Brian O’Driscoll, probably Ireland’s greatest-ever player, admits the absences could prove telling.

“If you were Scotland would you licking your lips a bit more? Probably,” he said.

It definitely looks like they're a little bit more vulnerable. Experience counts for so much on the big stage.

Another past great, Gordon D’Arcy, believes luck will play a big part in the Far East.

“I believe that Ireland will get to the quarter-final and then it is a flip of a coin,” he said.

“We have the potential to beat either New Zealand or South Africa. However, we will need form, a strong injury profile and more than a dollop of luck.

It’s not all bleak for the Irish, far from it. They go to Japan as the number one ranked team in the world. They have beaten nearly all the main contenders in the past 18 months - New Zealand, Wales, England, Australia (twice) and Argentina – apart from South Africa. They have world-class players in Jonny Sexton and Conor Murray, and power up front in CJ Stander, Tadhg Furlong and Cian Healy.

But it may all hinge on this first match against Scotland. Lose that and they have a much tougher road, with a match-up against either the All Blacks or Springboks. Talk about difficult. Win and it’s a different story.

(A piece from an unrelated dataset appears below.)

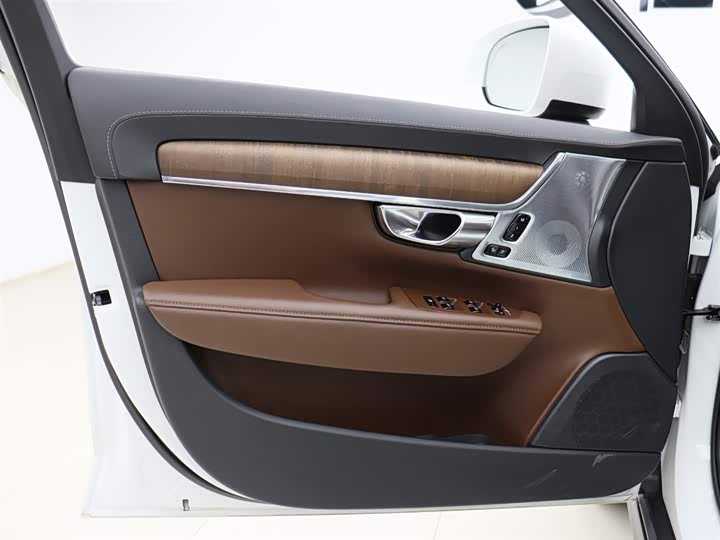 Фото 6 - Volvo V90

Questions remain over Ireland’s playing style. Their brand of rugby is very attritional and basic, centre-around a perfect kicking game, one-out rugby, a rush defence and squeezing the life out of the opposition. Counter-attacking is key. Few risks are taken with the ball.

When this works, it is fantastic. But when it doesn’t, Ireland doesn’t seem to have a Plan B or C. They have don’t have many players with individual brilliance who can break open a game with a run or pass, or do something unexpected. This may prove costly.

Ireland have the players and coach to go out and make history by winning the Rugby World Cup for the first time. Now is the time to prove it.